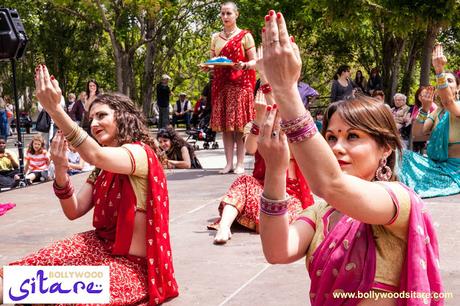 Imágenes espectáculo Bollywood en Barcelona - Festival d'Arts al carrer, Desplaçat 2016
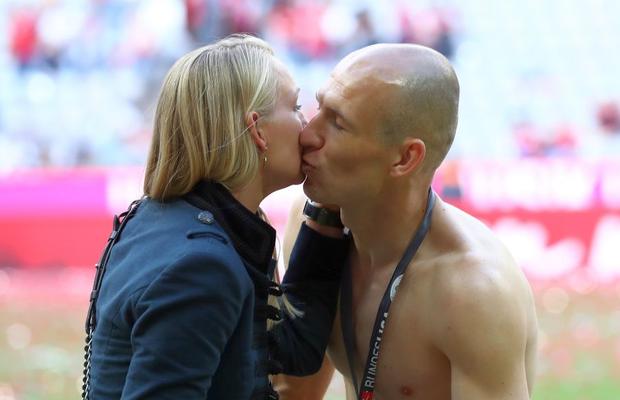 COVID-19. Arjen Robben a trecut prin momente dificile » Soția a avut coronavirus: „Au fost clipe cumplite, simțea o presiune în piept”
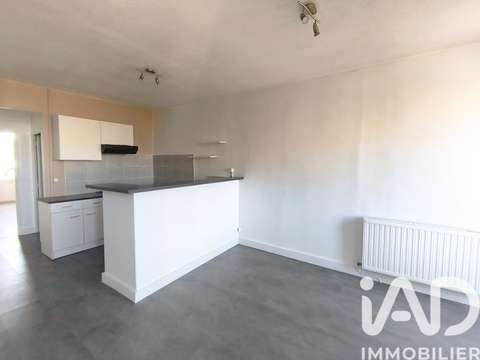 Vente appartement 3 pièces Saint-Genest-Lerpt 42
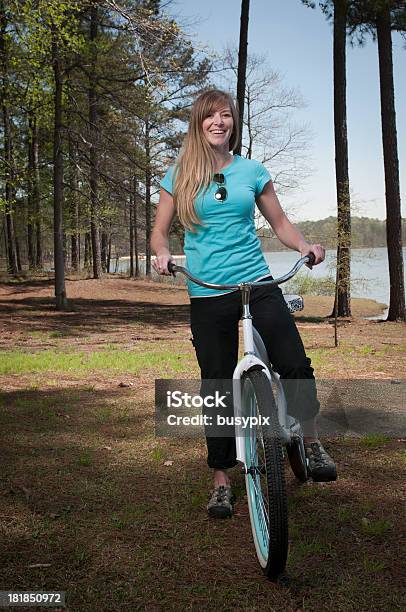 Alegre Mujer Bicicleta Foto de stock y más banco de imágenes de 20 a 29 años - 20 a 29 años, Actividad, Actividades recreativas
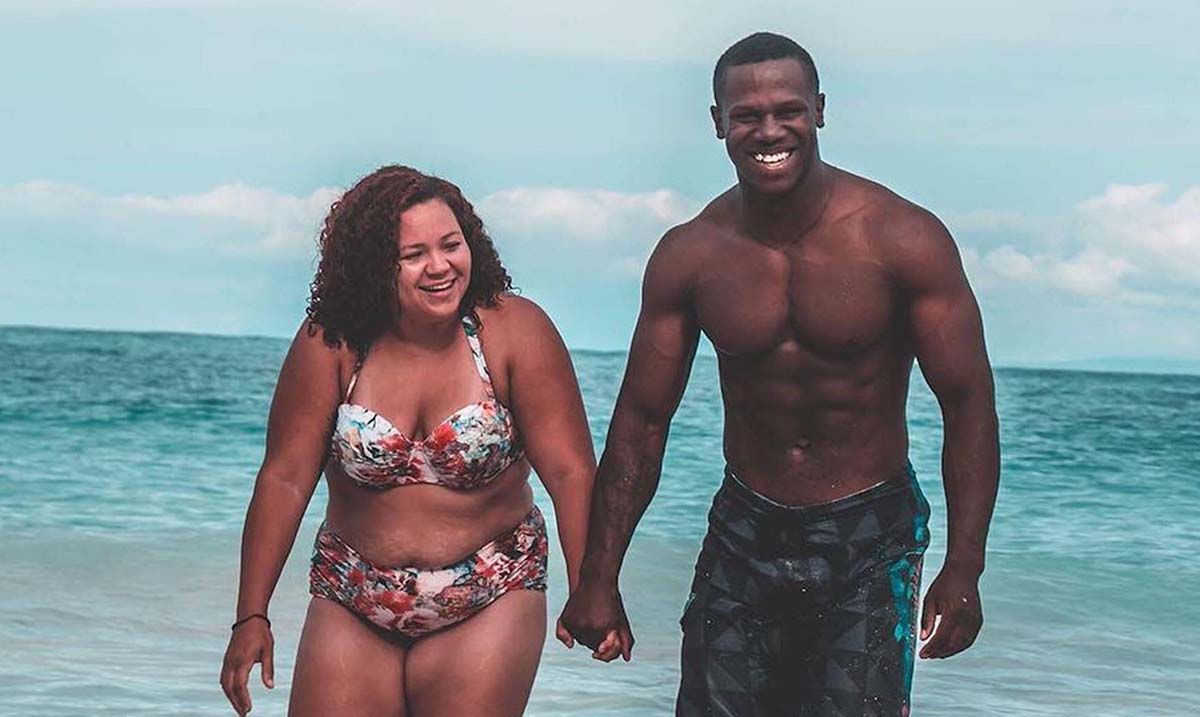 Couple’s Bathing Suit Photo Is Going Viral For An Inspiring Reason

****************

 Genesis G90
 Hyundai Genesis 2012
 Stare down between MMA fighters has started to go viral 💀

****************

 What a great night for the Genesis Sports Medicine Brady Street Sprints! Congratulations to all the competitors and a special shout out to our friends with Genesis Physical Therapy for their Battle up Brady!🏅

****************

Aim of the exercise: Using the entries above, say how many lines include the word "Genesis", with no other output.

Answer for this exercise: 3